Tuesday, March 18, 2014

Having Lunch with the Homeless at Panera Bread (A true story about my afternoon)


He sat across from me: his attention torn between the cinnamon roll and my eyes. For me, it was no contest: the food was uninteresting. Probably precooked. My soup was too hot to even touch-- and nothing could be more intriguing than the man in front of me. It might have been the greasy hair that was half dread-locked and  half left to arrange itself, or the unknown black goop that dripped like paint underneath his left eye---- but he was something different.

It's not every day that you see a homeless man begging in the middle of a Panera Bread. But maybe it is normal in New York. I'm not sure, nor do I want to be.

I remember specifically as I stumbled into the store--out of the cold New York Streets to see him, kindly searching in line: his hand stretched out holding mere pennies--- asking if someone would help him buy a cinnamon bun.
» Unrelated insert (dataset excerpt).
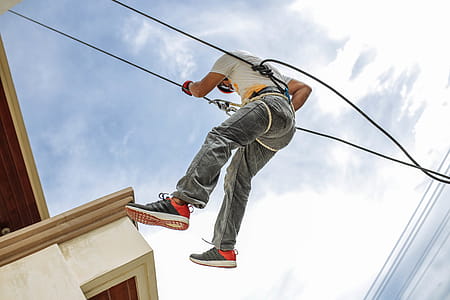Man Wearing Harness Going Down Building thumbnail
My nose crinkled from a combination of disgust as people rudely told him to leave, and from a sneeze coming on from my inevitable cold. I walked to the end of the line and outstretched my hands and lightly tapped his shoulder.

He felt cold. Too cold to the touch, as he turned to me...His eyes were blue: almost crystal. The rest of him was mucky and dirty. He wore New York like a cape---the smell of the subway stuck on his thin black and brown jacket permanently.

My parents have always told me to be weary of people, especially the homeless. But I could see that this man wouldn't do me any harm: His cheeks reminded me of an old Santa Claus picture from an "ancient" coca-cola ad. The man towered over me in height, but I did not feel small. The way he looked at me was a look that I rarely get from most people. His eyes were wide like a child begging, and open as if ever little new detail was something new to wonder at. A discovery.

I told him quietly and politely that I would be glad to buy him a cinnamon roll. He stood there, observing me as I did so as well to him. I could read him like a book, and his pages were fascinating. They were empty with coffee stains around them: so honest and blank.  As I reached the front of the line and paid for both my food (a small french onion soup) and his (a large hot cinnamon roll)--- he gave me a creased and crinkled, yet beautifully genuine smirk of happiness. I nodded my head to him as I was given my food, and I handed him his cinnamon bun.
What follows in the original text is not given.